Even if you’ve watched Monty Python’s 1979 Biblical satire, “Life of Brian,” a skillion-and-one times and thus know by heart the song for which Python member Eric Idle named his “sortabiography” – “Always Look On the Bright Side of Life” (Crown Archetype, 304 pp., ★★★ out of four) – you probably should reacquaint yourself with Idle’s song before starting his book.  

The first reason is because it’s funny. The second is that the song comes up a lot throughout this affable, leisurely and occasionally enlightening tour of a full and, generally, happy life. Punch up the song in your head or on your computer while we list five things you learn from Idle’s book, beginning with a question:

1. Does the world need another book about Monty Python’s Flying Circus?

Idle kind of raises this not-bad question in citing “memoirs, diaries, books about the Pythons, books by the Pythons about the other Pythons, articles about the books about the Pythons, countless interviews, autobiographies, documentaries…so many documentaries…”

You get the picture. But Idle presumes, correctly, that there’s still a lot we don’t know about him as opposed to say, Sir Robin, the nervous knight he played in the 1975 spoof, “Monty Python and the Holy Grail,” which almost 30 years later provided the foundation for Idle’s Tony-winning hit musical, “Spamalot.”

So Idle, 75, keeps the focus on his own life with other members of the zany British comedy troupe – the late Graham Chapman, John Cleese, Terry Gilliam, Terry Jones and Michael Palin – along with the rock stars, movie directors and dozens of others who fly into his orbit.

2. A classic Graham Chapman story, Bavarian-style.

The Pythons were once asked to come to Germany and make a comedy special for Bavaria TV. After arriving in Munich, the guys were spirited off in cars and, for reasons still obscure to Idle, were whisked to Dachau, getting lost along the way and, thus, arriving at the erstwhile concentration camp so late that they were told it was about to close. “Tell them we’re Jewish,” Chapman said. Which apparently was enough to get them in. “Luckily,” Idle adds, “they let us out again.”

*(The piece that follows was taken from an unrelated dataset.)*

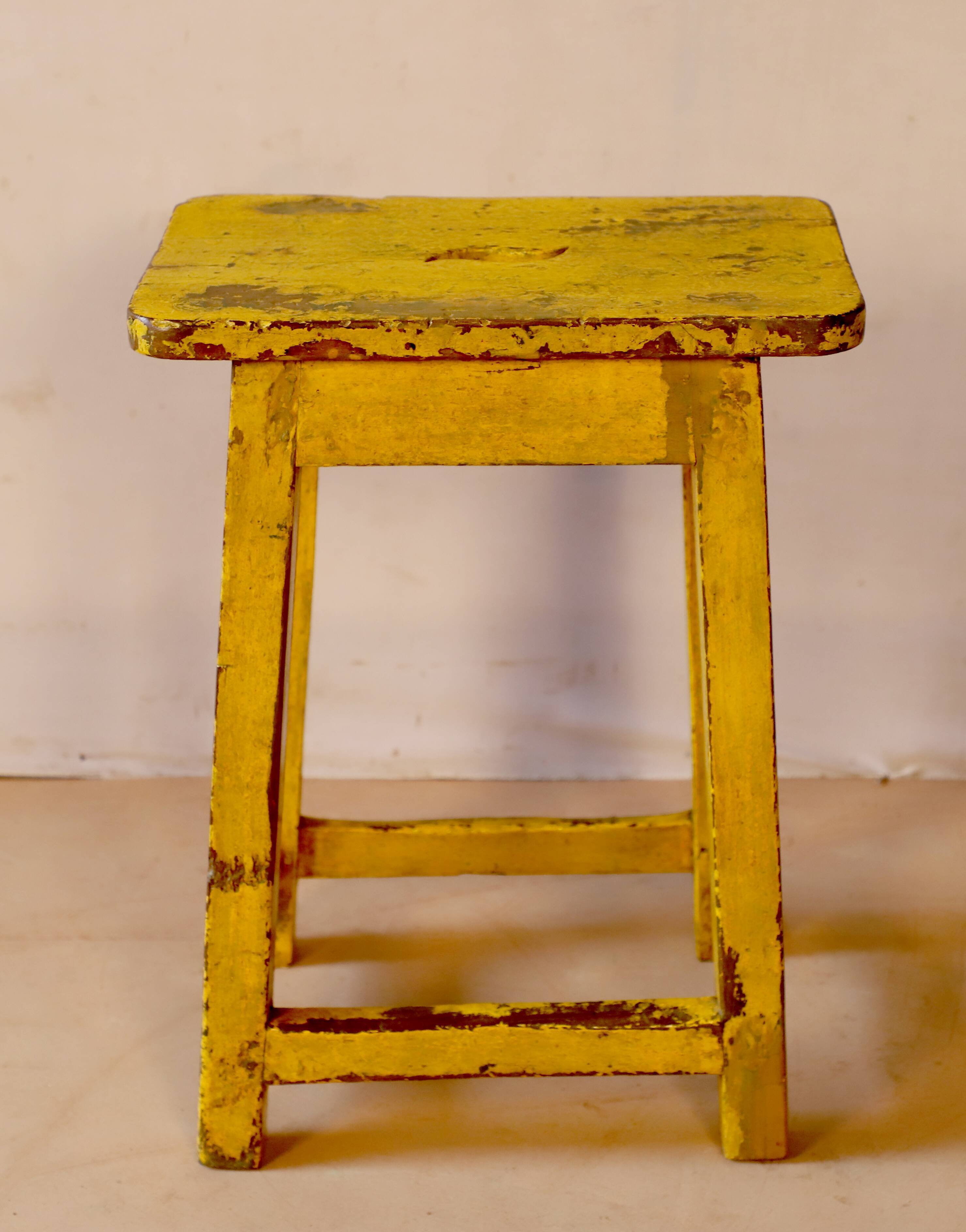 Old Burmese teak workshop stool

3. And the award for Eric Idle’s Best Rock Star Friend goes to…

George Harrison, a devoted Python fan, who helped Idle research his 1978 fake-Beatles TV mock-u-mentary, “The Rutles: All You Need Is Cash.” He also paid the entire $4.5 million budget for “Life of Brian” because the controversial subject matter scared off other potential investors and producers. “I wanted to see the movie,” Harrison explained. Observes Idle: “It is still the most anyone has ever paid for a cinema ticket.”

4. You can’t have a bright side without a dark side.

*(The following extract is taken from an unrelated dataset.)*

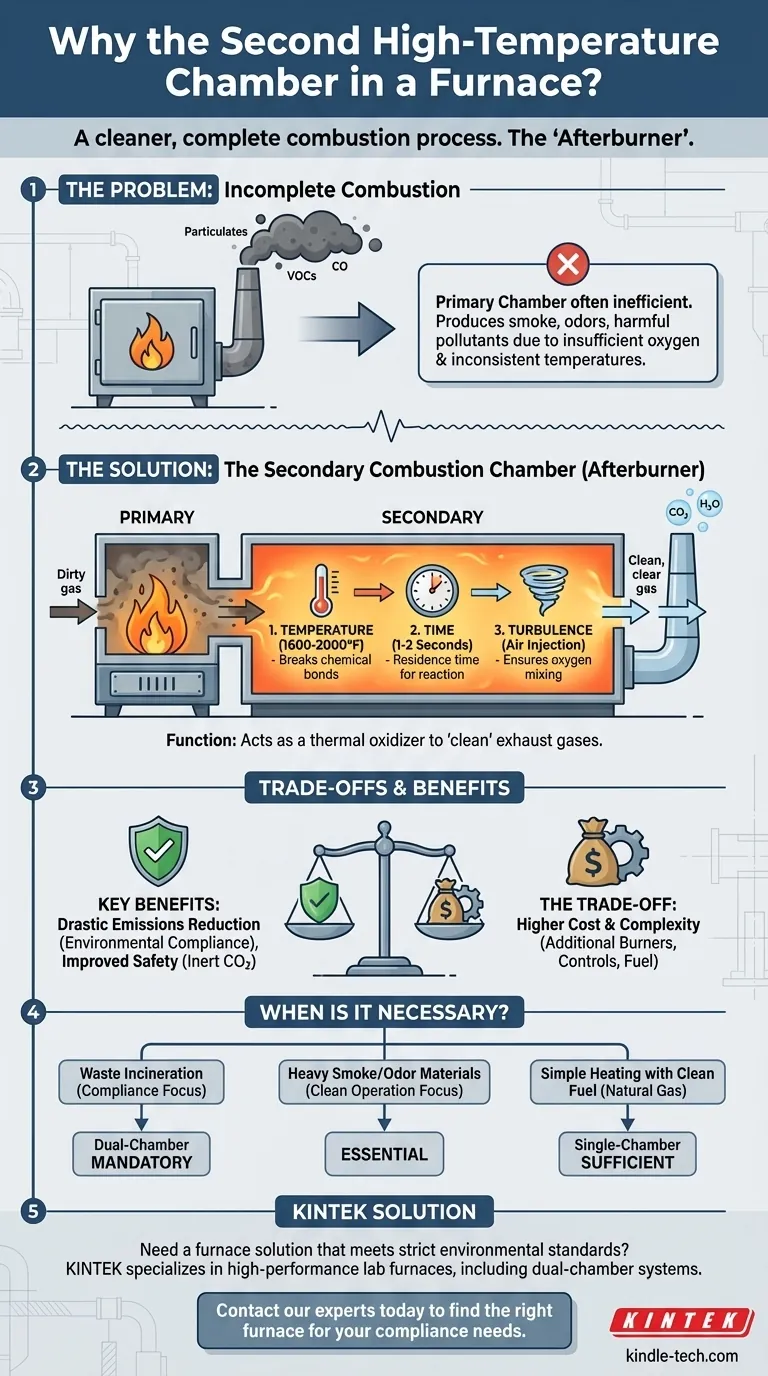 Por que alguns fornos são equipados com uma segunda câmara de alta temperatura? Para uma Combustão Limpa e Conforme Guia Visual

Harrison’s death in 2001 and its immediate aftermath strike some of the saddest and most resonant chords in the book, whose latter section also takes time to mourn some of Idle’s other absent friends, notably Robin Williams, whose own comedic genius is recounted in shrewdly observed short takes. Chapman’s earlier death, in 1989, is also recounted with both melancholy and wit, which is about as much a summation of the human condition as anything could be.

5. For meanness, pettiness, envy and other “tell-all” memoir elements…look elsewhere.

Idle has no interest in settling scores because he apparently has none to settle. What you see in “Always Look…” is what you get: A very funny Englishman with a wicked sense of humor, a long and happy marriage and, despite intimations of mortality that crop up now and then, a sunny, agreeable disposition.

 To quote from one of Idle’s more legendary Python routines: Say no more.